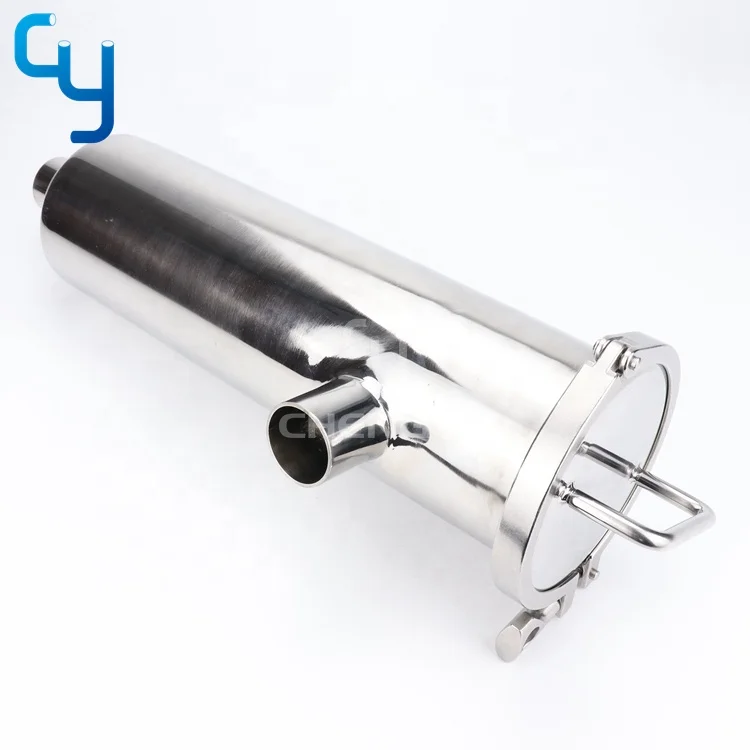 Food grade stainless steel pipe fitting sanitary angle type strainer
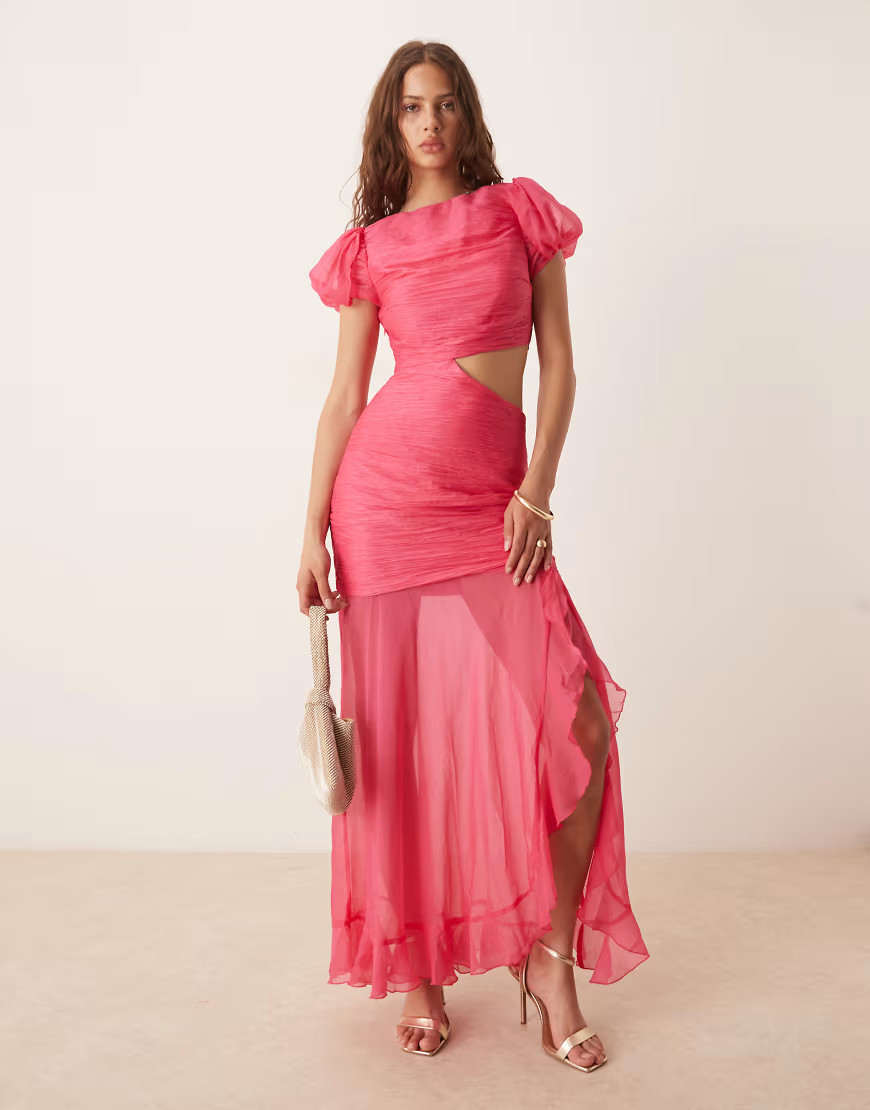 ASOS DESIGN ruched bodice cut out dropped waist maxi dress in raspberry-pink | ASOS (Global)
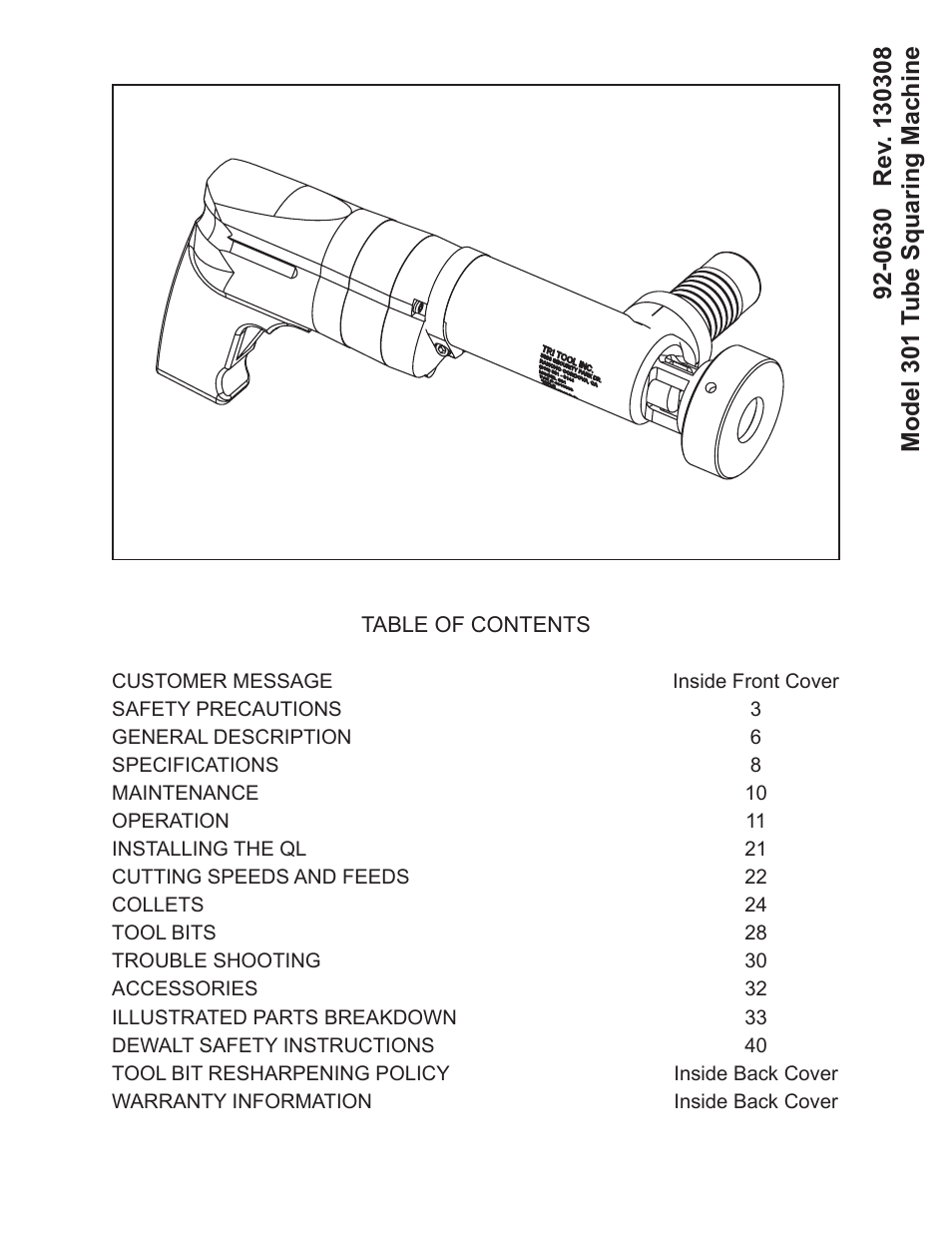 Tri Tool 301 Tube Squaring User Manual | 40 pages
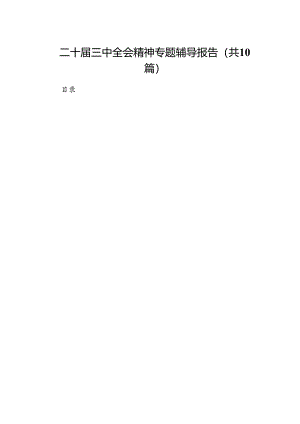 （10篇）二十届三中全会精神专题辅导报告（详细版）.docx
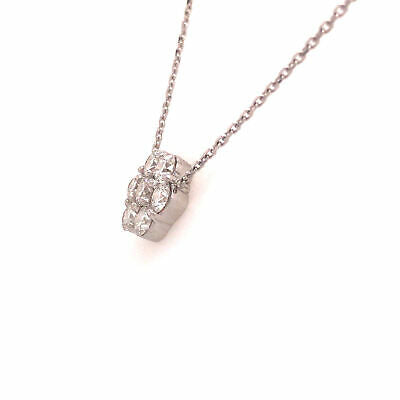 14K Diamond Flower Cluster Diamond by the Yard Necklace White Gold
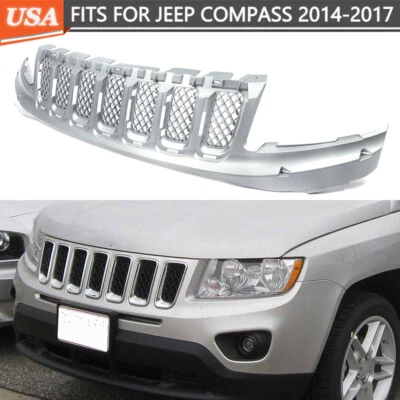 FitsJeep Compass 2014-2017 Replacement Silver Front Bumper Grille Grill Assebmly - Image 1 of 4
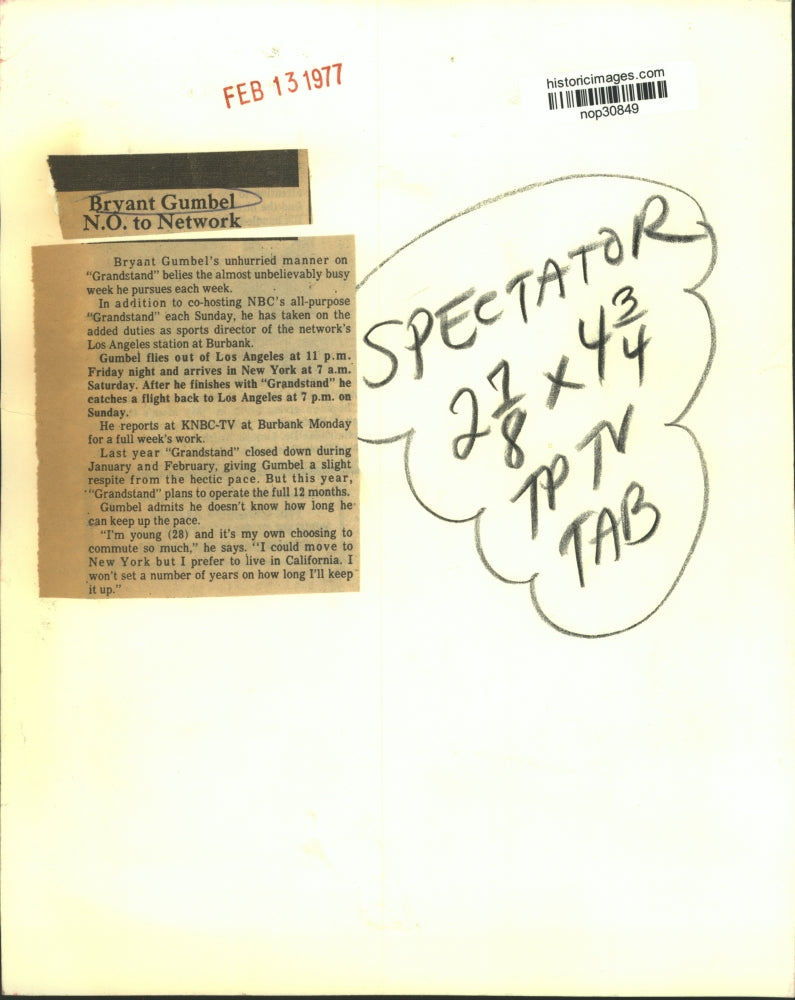 1977 Press Photo Bryant Gumbel, "Grandstand" - nop30849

======

» **Exercise**: A word-for-word copy of the entries above is what is needed, without any images.

» **Answer to this problem**:
 Food grade stainless steel pipe fitting sanitary angle type strainer
 ASOS DESIGN ruched bodice cut out dropped waist maxi dress in raspberry-pink | ASOS (Global)
 Tri Tool 301 Tube Squaring User Manual | 40 pages
 （10篇）二十届三中全会精神专题辅导报告（详细版）.docx
 14K Diamond Flower Cluster Diamond by the Yard Necklace White Gold
 FitsJeep Compass 2014-2017 Replacement Silver Front Bumper Grille Grill Assebmly - Image 1 of 4
 1977 Press Photo Bryant Gumbel, "Grandstand" - nop30849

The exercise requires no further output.